Four Companies Investors Wish Would Initiate a Dividend
I will not go into detail for these four companies as they are all well known and have seen extreme gains over the past year. Lululemon (LULU) has returned over 150% and is still growing at a very fast pace as the more stores are built. Lululemon may not have consistent growth in cash flow due to expansion, but in the future Lululemon would be a prime candidate to offer a dividend; so long as the company continues to grow at the rates it has the past few years.
The second company that would be a good choice for a dividend in the future is Dominos Pizza (DPZ). Dominos is currently in the same boat as Lululemon, with building expenses high, it is difficult for Dominos to rack up extra cash flow such as a company like Apple (AAPL). Apple is the next company that investors would like to see initiate a dividend. Apple obviously has a very large cash flow that could easily be used for a repurchase program or dividend. Due to the high price of the security, most investors would most likely want to see a dividend.
The final company that has risen over 100% in the past year that I would like to see begin a dividend is Chipotle Mexican Grill (CMG).
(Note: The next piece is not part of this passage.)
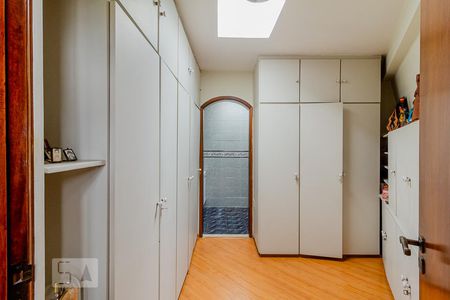 Primeira suíte de casa para alugar com 3 quartos, 300m² em Planalto Paulista, São Paulo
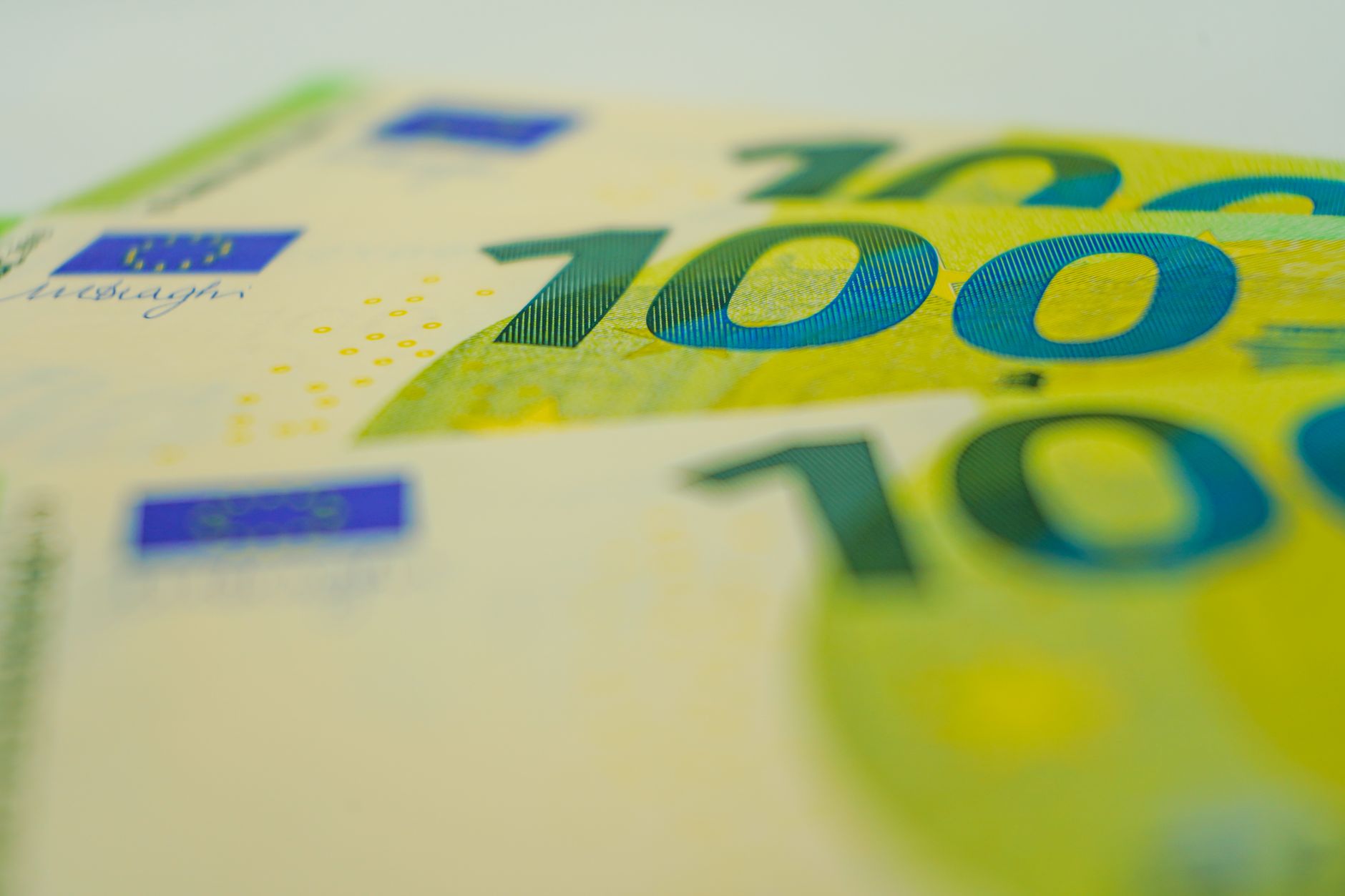 Mecanismul de redresare al UE: 123 de miliarde EUR sunt în evaluare pentru ultimele plăți către statele membre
Unlike Dominos and Lululemon, Chipotle's cash flow has been increasing at a fairly constant rate. I expect some of this to be used for further expansion before a dividend will be available for investors. If Chipotle's share price continues to grow at the rates we have seen the past years, investors may not see a dividend for many years to come; but even without a dividend, just as the three other companies above, Chipotle has returned enough money to keep shareholders happy.